In short: data is generated and processed everywhere — stored, linked, and read.

If data is stored only in simple files (e.g., CSV, text files, or custom formats), typical problems arise:

  • Redundancy: The same information is stored multiple times (e.g., a customer’s address in multiple files). Changes are costly because you have to update multiple places.

  • Inconsistencies: Redundancy quickly leads to contradictions. If an address is only updated in one file, the other copies become outdated.

  • Limited multi-user operation: When a file is being edited, it is often completely locked. Others cannot work with the same data simultaneously — this slows teams down.

  • Data privacy issues: In file systems, it is difficult to control finely who can see or modify which fields. Additional solutions (read locks, encryption) are needed, which are error-prone.

  • Missing data independence: Programs must know the exact file structure. If this structure changes, all programs must be updated. When multiple applications use the same files, each often needs its own data management — maintenance costs explode.

How do database systems solve this better?

  • Central, consistent data basis: All applications access the same, current data. Rules (e.g., “customer number must not appear twice”) are enforced by the DBMS.

  • Concurrent operation (transactions): Multiple people or services can work in parallel without corrupting each other’s data. Changes are either carried out completely or not at all — incomplete states are avoided.

  • Security and roles: You can precisely define who may read, insert, change, or delete — down to the table or even column level.

  • Performance: Indexes allow the DBMS to find data very quickly, even when tables have millions of rows. Queries can be formulated precisely with SQL.

  • Backups and recovery: Data can be backed up regularly and restored in case of problems (e.g., hardware failure).

  • Data independence: The way data is stored is relatively decoupled from the program that accesses it. Structural adjustments (new columns, new tables) are possible without rewriting every involved application.

Examples:

  • Online shop: Tables for products, customers, orders, payments. At checkout, the DBMS checks whether stock is sufficient and briefly locks the record so that two people cannot buy the last item simultaneously.

  • School/HTL: Tables for students, teachers, subjects, timetables, grades. Roles define that teachers may enter grades, while students can only read them.

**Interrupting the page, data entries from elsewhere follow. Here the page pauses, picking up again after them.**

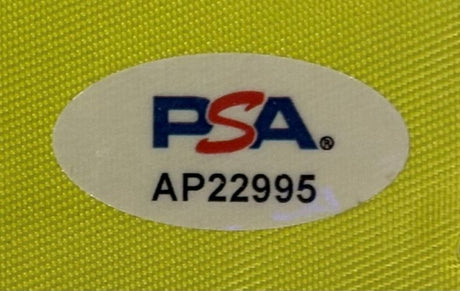 A white oval PSA/DNA hologram sticker (code AP22995) is attached to the Jordan Spieth Signed Framed The Memorial Tournament Golf Flag from Sports Integrity, shown on a textured yellow surface.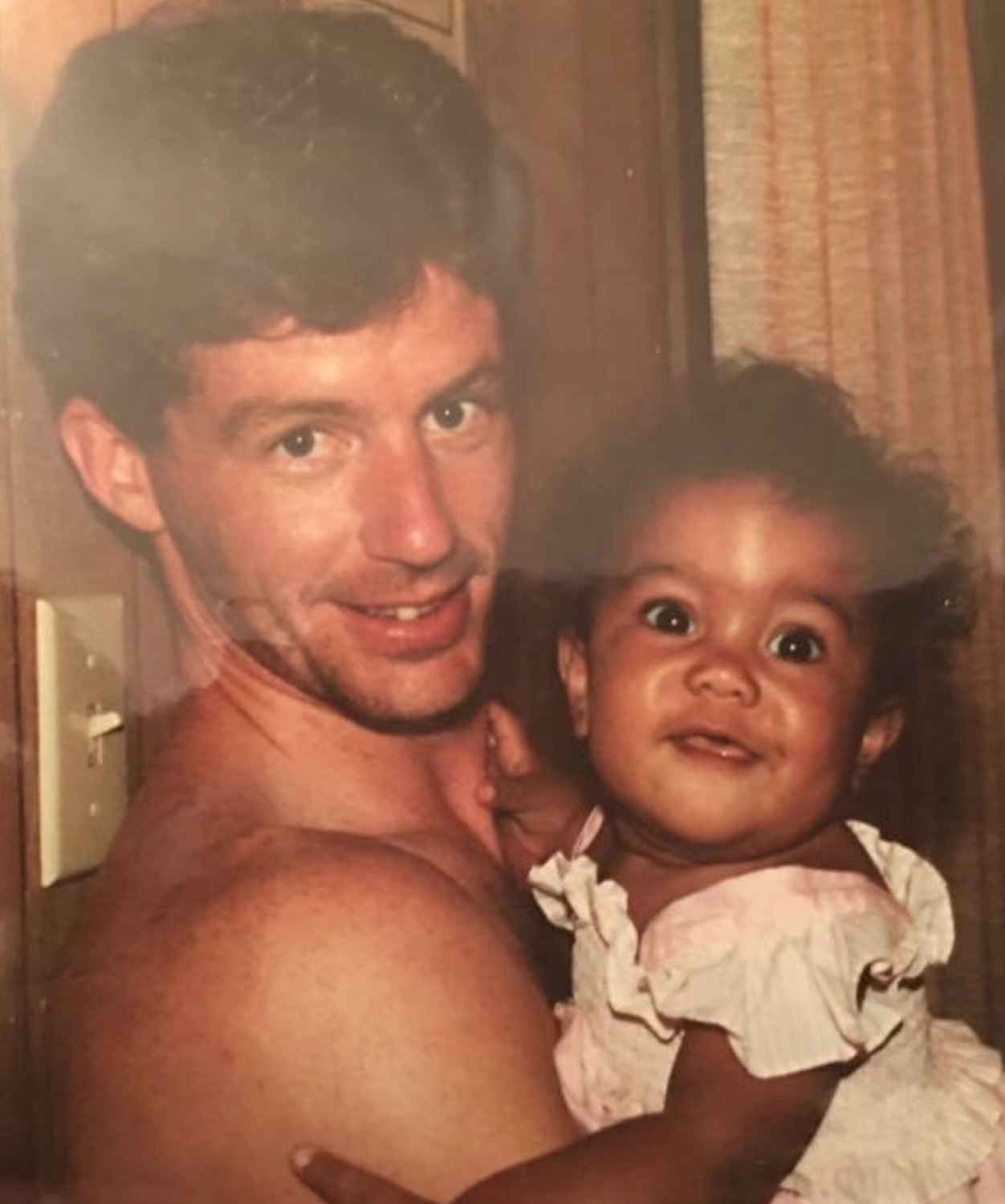 Erica's adoptive father holding her as a baby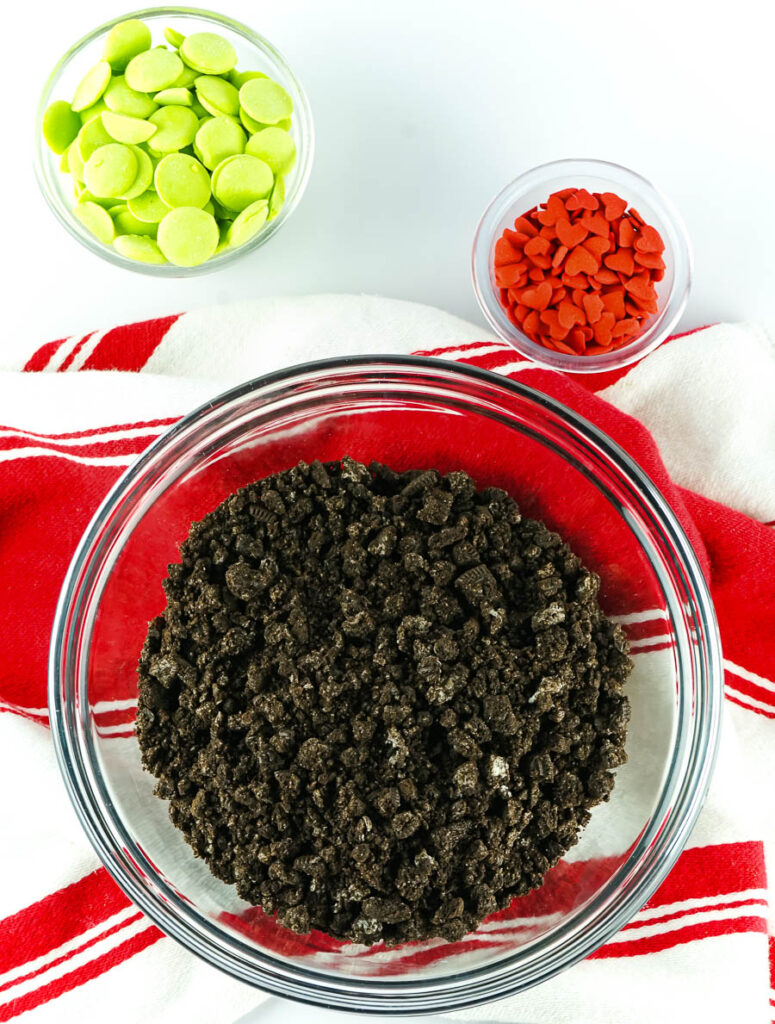 crushed oreos in clear bowl with candy melts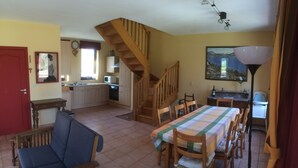 A spacious kitchen with wooden cabinets, a dining area with a table and chairs, a staircase, and a painting on the wall.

Database systems (DBS) were developed to solve typical file problems such as redundancies, inconsistencies, and lack of multi-user support. In a DBS, data is stored in a database, and access is exclusively via the database management system (DBMS). Applications no longer address files directly; instead, they submit their queries (e.g., in SQL) to the DBMS. This greatly reduces the tight coupling between data and programs — changes to the data structure are far less likely to break applications.

  • Database: A logically coherent collection of data on a topic/subject area (e.g., “Shop”, “School”).

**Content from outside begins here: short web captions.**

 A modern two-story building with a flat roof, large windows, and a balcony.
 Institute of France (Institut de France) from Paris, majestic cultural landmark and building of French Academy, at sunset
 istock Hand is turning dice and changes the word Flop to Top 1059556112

  • DBMS (Database Management System): The software that manages the data and provides the interface for users and programs.

  • DBS (Database System): A database system is the entirety of the database, database management system, and the applications accessing it.

What does the DBMS do concretely?

  • Central interface: Applications formulate queries (SELECT, INSERT, UPDATE, DELETE — SQL statements). The DBMS translates and executes them efficiently.

  • Concurrent operation (transactions): Multiple users can work in parallel without corrupting each other’s data. Changes are “all or nothing” (atomicity).

  • Consistency & rules: The DBMS enforces constraints (e.g., unique customer numbers, mandatory fields, referential integrity).

  • Access rights & data privacy: Roles and permissions control precisely who may read, insert, change, or delete — down to the table or column level.

  • Performance: Indexes, caching, and optimization ensure that even large amounts of data are found quickly.

  • Fault tolerance & recovery: In case of program or system crashes, transaction logs, backups, and recovery mechanisms help restore data correctly.

  • Central control & monitoring: Monitoring, logging, and a data catalog (metadata) provide transparency and traceability.

Example (simplified):

A web shop saves an order as a transaction: secure the cart, adjust stock, post the payment. If the system crashes in the middle, the DBMS automatically reverses the incomplete changes — a consistent state is maintained.

  • In databases, data is stored according to its natural relationships. It is not critical in what form the data is needed by applications. The data in the database represents a section of the real world.

  • Many users can access the data in a database simultaneously. The database management system manages both the data and access to it, and ensures that the same data cannot be edited by multiple users at the same time. Even when multiple applications work with a shared data basis, application programs usually only access a portion of it (a view of the database).

The database management system is the software that manages the databases.

It enables:

  • creating databases,
  • storing, modifying, and deleting data,
  • querying the database,
  • managing users, access, and access rights.

To allow application programs and users to access the data in a database, the DBS provides a language concept. In relational DBS, this is usually the database language SQL (Structured Query Language).

From file systems to databases: a brief overview:

  • 1950s: Magnetic tapes (sequential files) — Data was stored sequentially on tapes. This was inexpensive, but slow: to find a specific record, one often had to “fast-forward” the entire tape.

  • 1960s: Magnetic disks (direct access, multiple access) — With hard disks, one could jump directly to the desired location. This made searching and parallel operation significantly faster.

  • 1970s (1st generation): Hierarchical data model — Data was organized in tree structures (parent-child relationships). Fast for clear hierarchies, but inflexible for cross-references.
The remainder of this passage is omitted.